Work order
Output each record below exactly. No images go in the copy.

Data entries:
Segment Open

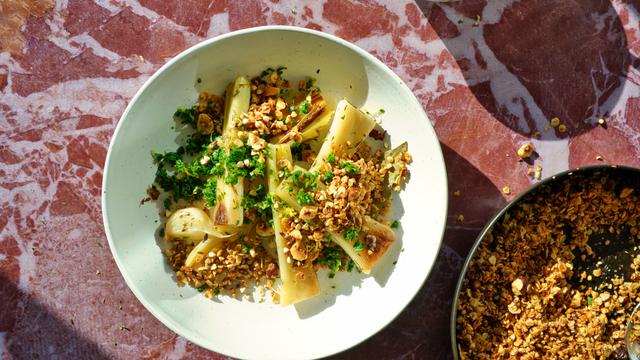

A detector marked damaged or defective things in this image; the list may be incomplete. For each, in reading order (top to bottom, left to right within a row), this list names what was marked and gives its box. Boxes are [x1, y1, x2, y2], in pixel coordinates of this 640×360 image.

charred leek edge [210, 76, 250, 225]
charred leek edge [264, 142, 320, 306]
charred leek edge [276, 170, 396, 274]
charred leek edge [308, 99, 376, 174]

Segment Closed

Response to the exercise
A detector marked damaged or defective things in this image; the list may be incomplete. For each, in reading order (top to bottom, left to right within a row), this list names what was marked and gives its box. Boxes are [x1, y1, x2, y2], in pixel coordinates of this 640×360 image.

charred leek edge [210, 76, 250, 225]
charred leek edge [264, 142, 320, 306]
charred leek edge [276, 170, 396, 274]
charred leek edge [308, 99, 376, 174]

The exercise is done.